**Supplied data**
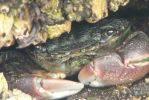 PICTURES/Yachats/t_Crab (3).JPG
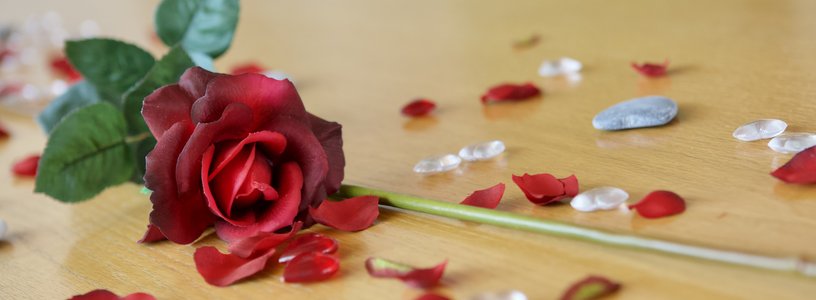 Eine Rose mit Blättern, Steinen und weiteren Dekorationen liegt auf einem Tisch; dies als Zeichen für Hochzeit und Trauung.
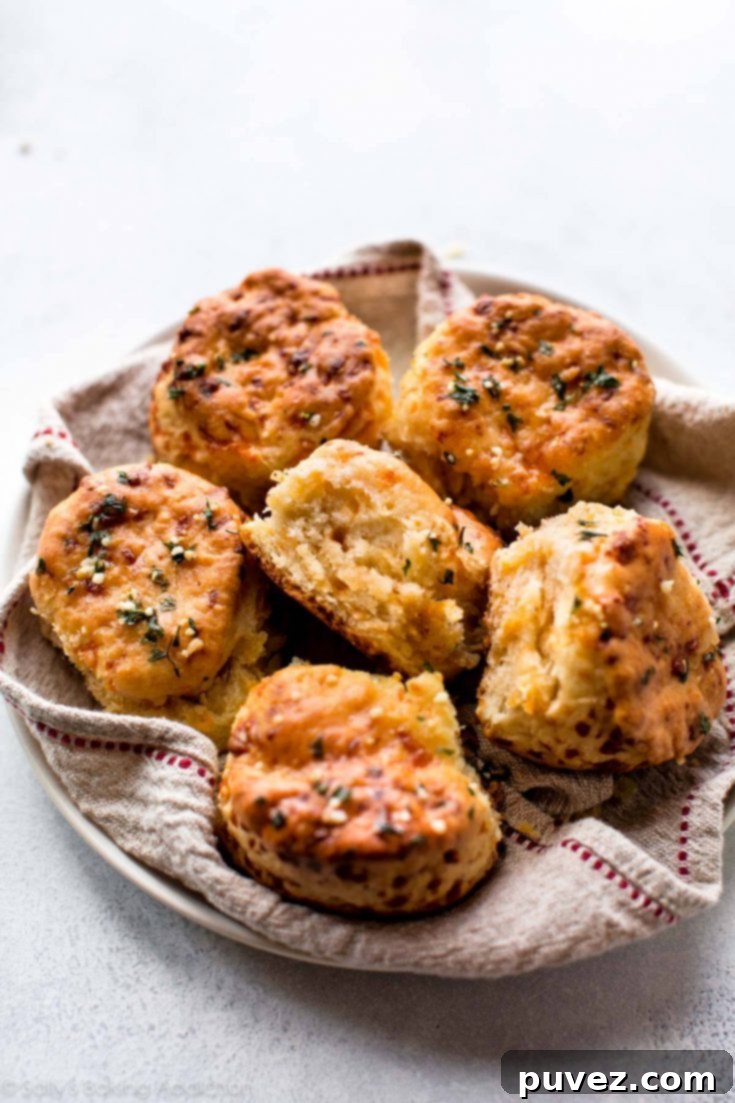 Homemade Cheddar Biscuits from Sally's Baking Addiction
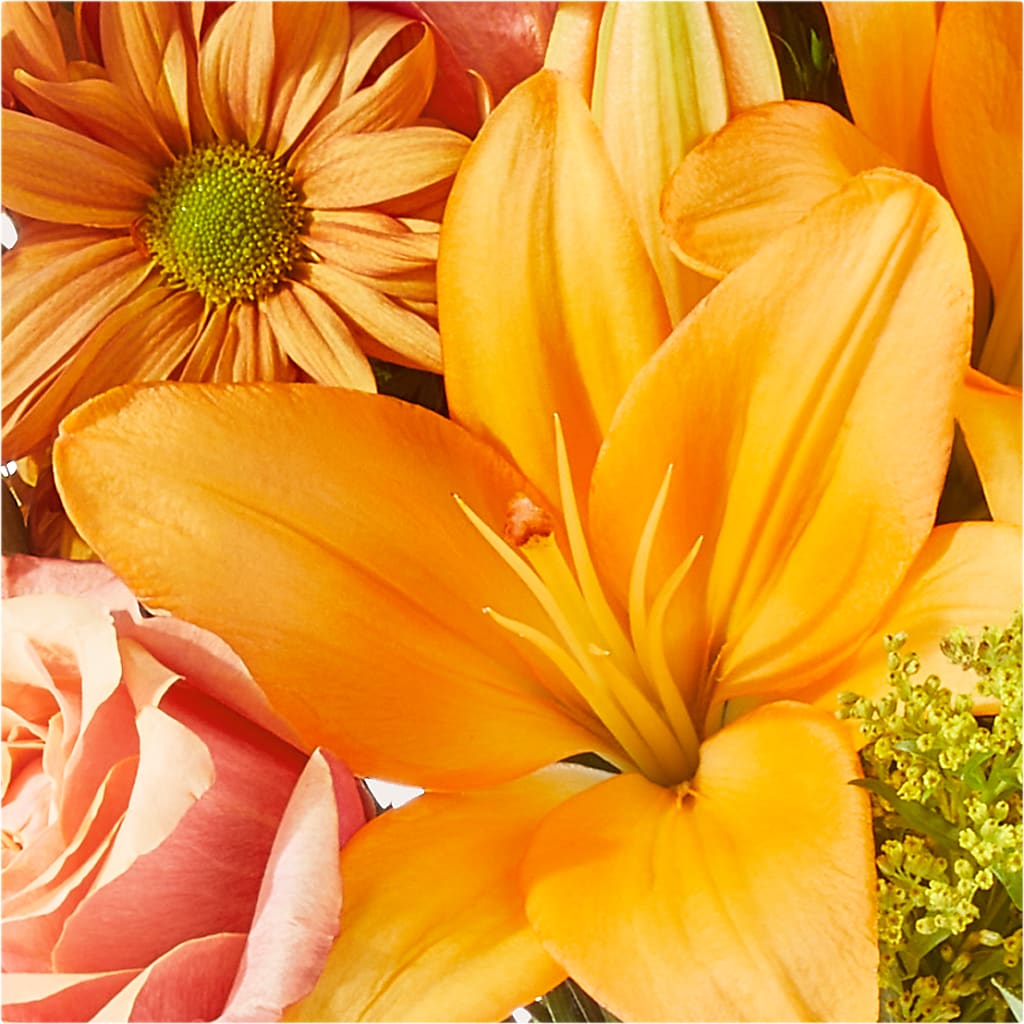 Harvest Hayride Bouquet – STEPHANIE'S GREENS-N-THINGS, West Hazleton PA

**Work required**
Copy out every line of the data above, taking care to leave the pictures out.

**Solution below**
 PICTURES/Yachats/t_Crab (3).JPG
 Eine Rose mit Blättern, Steinen und weiteren Dekorationen liegt auf einem Tisch; dies als Zeichen für Hochzeit und Trauung.
 Homemade Cheddar Biscuits from Sally's Baking Addiction
 Harvest Hayride Bouquet – STEPHANIE'S GREENS-N-THINGS, West Hazleton PA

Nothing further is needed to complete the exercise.